**Task objective:** Whenever a line in the data contains "based", show that line.

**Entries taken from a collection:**

···

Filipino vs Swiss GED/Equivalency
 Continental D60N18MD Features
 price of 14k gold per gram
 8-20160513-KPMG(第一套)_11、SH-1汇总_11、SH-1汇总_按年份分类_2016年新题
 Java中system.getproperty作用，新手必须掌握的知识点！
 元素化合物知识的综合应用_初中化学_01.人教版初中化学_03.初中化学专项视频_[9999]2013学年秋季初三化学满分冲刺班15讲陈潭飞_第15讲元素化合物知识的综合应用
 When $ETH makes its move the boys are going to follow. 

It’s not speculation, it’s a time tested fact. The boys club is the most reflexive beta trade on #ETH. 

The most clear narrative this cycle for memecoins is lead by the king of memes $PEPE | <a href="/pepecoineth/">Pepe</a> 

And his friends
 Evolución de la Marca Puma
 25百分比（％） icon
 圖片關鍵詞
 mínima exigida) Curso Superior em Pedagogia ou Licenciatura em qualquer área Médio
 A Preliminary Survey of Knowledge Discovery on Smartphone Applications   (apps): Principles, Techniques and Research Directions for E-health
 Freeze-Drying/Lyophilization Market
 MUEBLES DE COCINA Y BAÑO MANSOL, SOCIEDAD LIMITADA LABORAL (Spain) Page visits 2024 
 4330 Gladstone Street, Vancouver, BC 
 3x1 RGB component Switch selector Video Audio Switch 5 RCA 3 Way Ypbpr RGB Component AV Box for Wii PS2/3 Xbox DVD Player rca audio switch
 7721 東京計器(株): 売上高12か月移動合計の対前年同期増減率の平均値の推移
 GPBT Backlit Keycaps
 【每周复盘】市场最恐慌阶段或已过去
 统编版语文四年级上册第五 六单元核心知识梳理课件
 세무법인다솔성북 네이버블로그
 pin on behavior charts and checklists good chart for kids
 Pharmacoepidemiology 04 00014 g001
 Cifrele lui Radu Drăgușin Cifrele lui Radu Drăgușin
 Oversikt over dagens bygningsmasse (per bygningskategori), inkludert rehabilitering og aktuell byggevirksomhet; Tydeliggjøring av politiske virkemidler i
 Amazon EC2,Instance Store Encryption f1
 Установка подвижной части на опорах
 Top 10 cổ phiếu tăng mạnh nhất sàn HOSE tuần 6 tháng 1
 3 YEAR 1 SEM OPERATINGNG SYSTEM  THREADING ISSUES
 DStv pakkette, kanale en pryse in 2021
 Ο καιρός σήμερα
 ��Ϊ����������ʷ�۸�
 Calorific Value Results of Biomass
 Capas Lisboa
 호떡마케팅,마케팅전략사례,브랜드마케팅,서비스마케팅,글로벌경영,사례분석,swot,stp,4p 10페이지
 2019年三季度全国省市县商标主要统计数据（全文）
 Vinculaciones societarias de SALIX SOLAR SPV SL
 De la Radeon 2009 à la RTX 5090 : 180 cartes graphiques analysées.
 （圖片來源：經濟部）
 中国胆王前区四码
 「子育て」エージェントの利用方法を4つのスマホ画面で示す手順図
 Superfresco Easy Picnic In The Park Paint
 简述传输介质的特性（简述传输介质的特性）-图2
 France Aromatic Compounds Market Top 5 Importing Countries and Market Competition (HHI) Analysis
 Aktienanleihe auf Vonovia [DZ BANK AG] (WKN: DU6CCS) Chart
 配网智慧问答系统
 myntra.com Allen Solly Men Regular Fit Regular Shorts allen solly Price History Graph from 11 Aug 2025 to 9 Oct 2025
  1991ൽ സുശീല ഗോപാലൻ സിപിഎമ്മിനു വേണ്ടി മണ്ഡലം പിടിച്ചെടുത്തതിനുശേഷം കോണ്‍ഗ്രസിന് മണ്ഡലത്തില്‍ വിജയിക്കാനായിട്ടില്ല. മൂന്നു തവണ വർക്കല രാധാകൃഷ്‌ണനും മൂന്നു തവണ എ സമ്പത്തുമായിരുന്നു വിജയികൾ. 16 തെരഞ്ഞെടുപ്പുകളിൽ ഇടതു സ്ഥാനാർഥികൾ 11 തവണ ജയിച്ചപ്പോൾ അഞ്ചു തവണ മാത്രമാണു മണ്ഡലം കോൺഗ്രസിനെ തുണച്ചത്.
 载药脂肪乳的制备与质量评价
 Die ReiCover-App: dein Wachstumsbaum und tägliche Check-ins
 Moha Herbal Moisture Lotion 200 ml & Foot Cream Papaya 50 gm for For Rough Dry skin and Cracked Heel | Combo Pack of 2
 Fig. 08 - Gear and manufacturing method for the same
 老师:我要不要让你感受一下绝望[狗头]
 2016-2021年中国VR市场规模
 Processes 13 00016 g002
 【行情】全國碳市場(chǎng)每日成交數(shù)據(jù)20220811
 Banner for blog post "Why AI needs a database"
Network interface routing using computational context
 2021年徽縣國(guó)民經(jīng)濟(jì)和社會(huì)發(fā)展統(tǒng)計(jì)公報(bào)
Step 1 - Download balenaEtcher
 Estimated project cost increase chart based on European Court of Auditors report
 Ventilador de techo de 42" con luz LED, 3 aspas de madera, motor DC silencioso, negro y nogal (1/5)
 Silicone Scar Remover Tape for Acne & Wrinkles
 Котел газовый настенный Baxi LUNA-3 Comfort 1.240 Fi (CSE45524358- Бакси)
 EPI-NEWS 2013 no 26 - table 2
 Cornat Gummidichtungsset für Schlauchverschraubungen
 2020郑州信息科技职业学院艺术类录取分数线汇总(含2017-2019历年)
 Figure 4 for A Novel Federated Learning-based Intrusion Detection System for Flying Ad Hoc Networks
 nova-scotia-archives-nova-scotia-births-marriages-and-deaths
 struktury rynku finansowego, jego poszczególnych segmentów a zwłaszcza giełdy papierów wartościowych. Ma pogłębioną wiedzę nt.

···

**Result below:**
 Estimated project cost increase chart based on European Court of Auditors report
 Figure 4 for A Novel Federated Learning-based Intrusion Detection System for Flying Ad Hoc Networks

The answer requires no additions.